Pourtant, alors que le code du travail retient deux seuils – définis en 1977 – de gravité du chômage (1.500 et 2.500 demandeurs d’emploi, qu’ils soient sans emploi ou sous préavis de licenciement) pour évoquer le plein emploi[1], le nombre de chômeurs était quasiment au même niveau – relativement élevé – en mai 2024 (17.470) qu’en mai 2014 (17.725).
Fait qui mérite d’être relevé, il y a eu durant la décennie écoulée une évolution différenciée entre les demandeurs d’emploi ayant une nationalité de l’UE-27 (-13%) et ceux de pays tiers (+80%).
Source : ADEM
Il s’agit là d’une manifestation de la diversité croissante de la démographie grand-ducale où la part de résidents étrangers en provenance d’un autre pays de l’UE est passée de 87% en 2011 à 81% en 2021[2].
La politique du plein-emploi ne devrait pas demeurer indifférente à cette évolution différenciée du chômage. Au-delà des réponses à trouver aux traditionnelles questions d’inadéquation sur le marché du travail (i.e. écart entre les qualifications des demandeurs d’emploi et les besoins de l’économie), de validation des acquis de l’expérience et de reconnaissance des diplômes obtenus dans des pays tiers, il sera(it) peut-être utile de développer et de suivre des indicateurs[3] (e.g. halo du chômage, taux d’inactivité au sein de la population d’âges actifs, etc.) complémentaires au taux de chômage[4] afin de pouvoir apprécier le plus finement possible la réalité de la participation des résidents d’âges actifs au marché du travail et de conduire la politique de l’emploi de façon optimale.

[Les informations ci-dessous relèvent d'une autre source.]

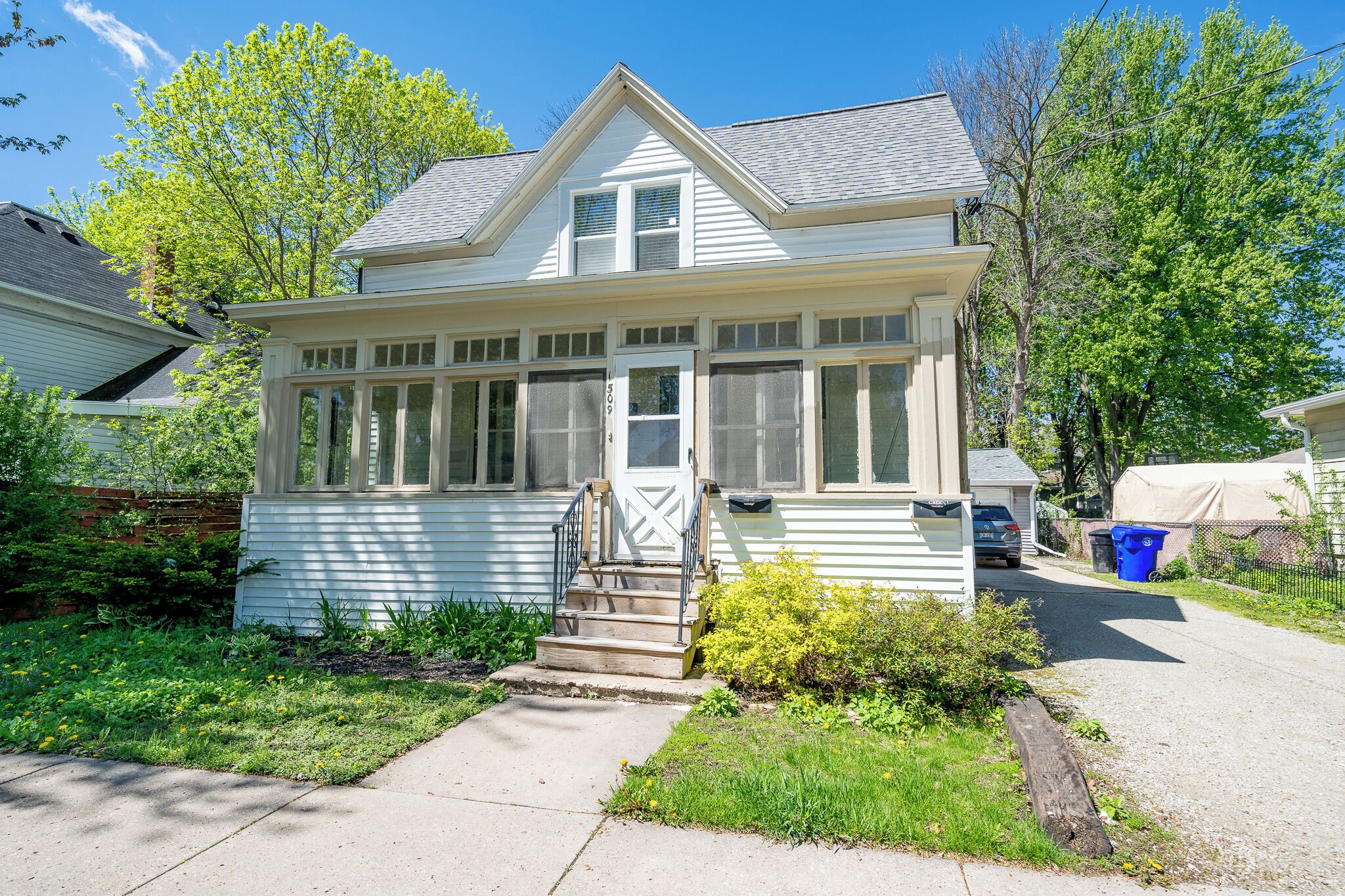- Charming home exterior with classic white siding and front porch steps   - Surrounded by greenery and peaceful neighborhood atmosphere   - Driveway parking and welcoming entry perfect for comfortable stays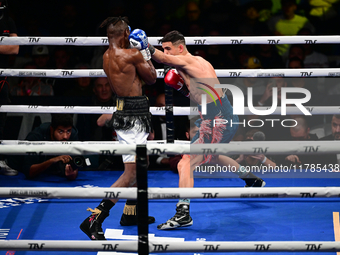 Francesco Paparo and Mohamed Diallo fight during the match for the Italian super featherweight title at TAF 7 at Allianz Cloud Milano in Mil...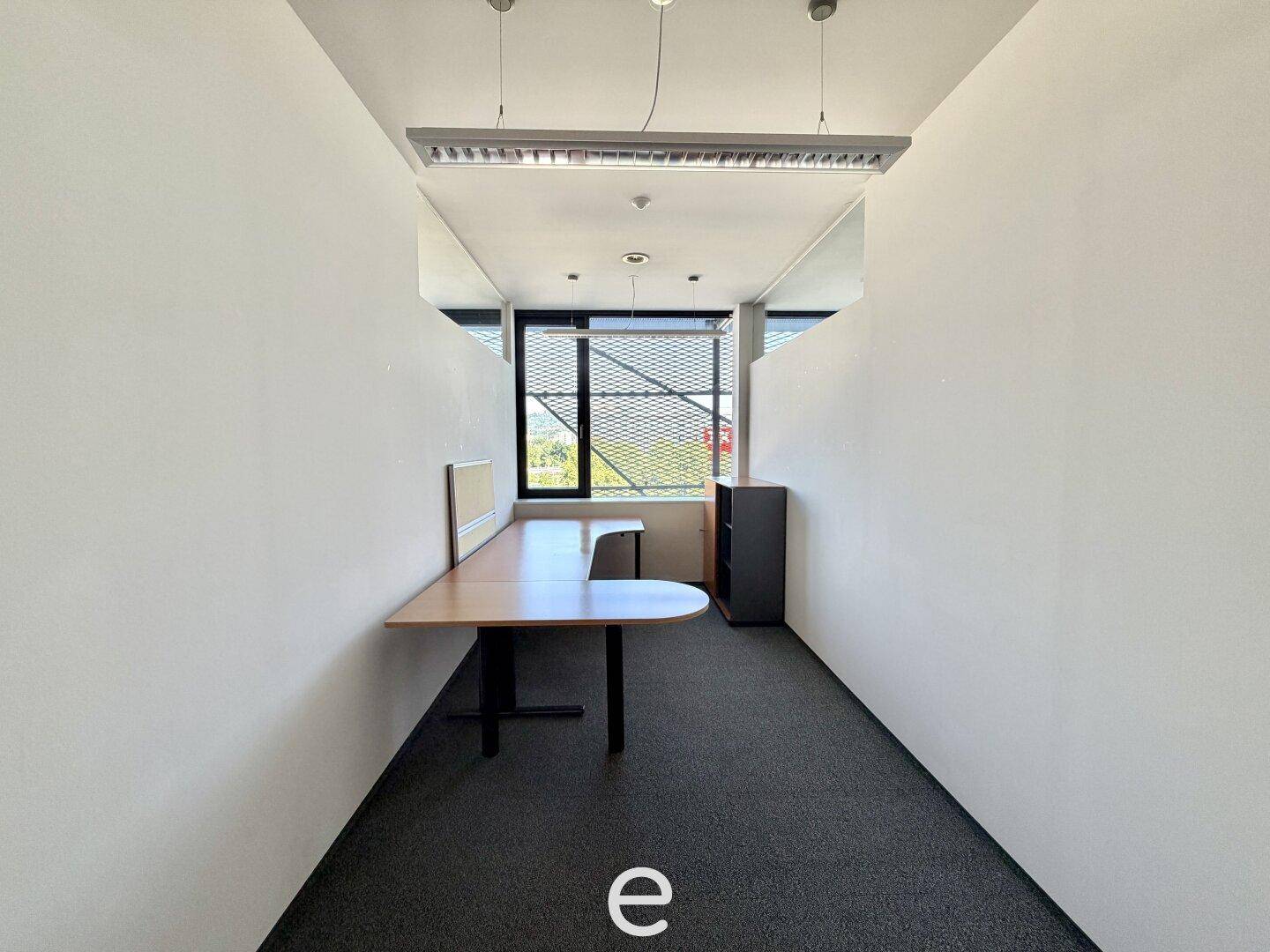 Kleiner Büroraum mit Schreibtisch, Teppichboden und einem Fenster, das Tageslicht spendet.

[1] Voir à ce sujet : Michel-Edouard Ruben (2015), OMT : Vers un objectif pour le marché du travail.
[2] Voir à ce sujet : Charlie Klein, François Peltier (2023), Une population de plus en plus cosmopolite.
[3] Voir à ce sujet : Michel – Edouard Ruben (2015), Au-delà du chômage : sous-emploi et « halo » du chômage.
[4] Voir à ce sujet : Armande Frising, Liliane Reichmann (2009), Regards sur le chômage : Qui s’inscrit à l’Administration de l’emploi?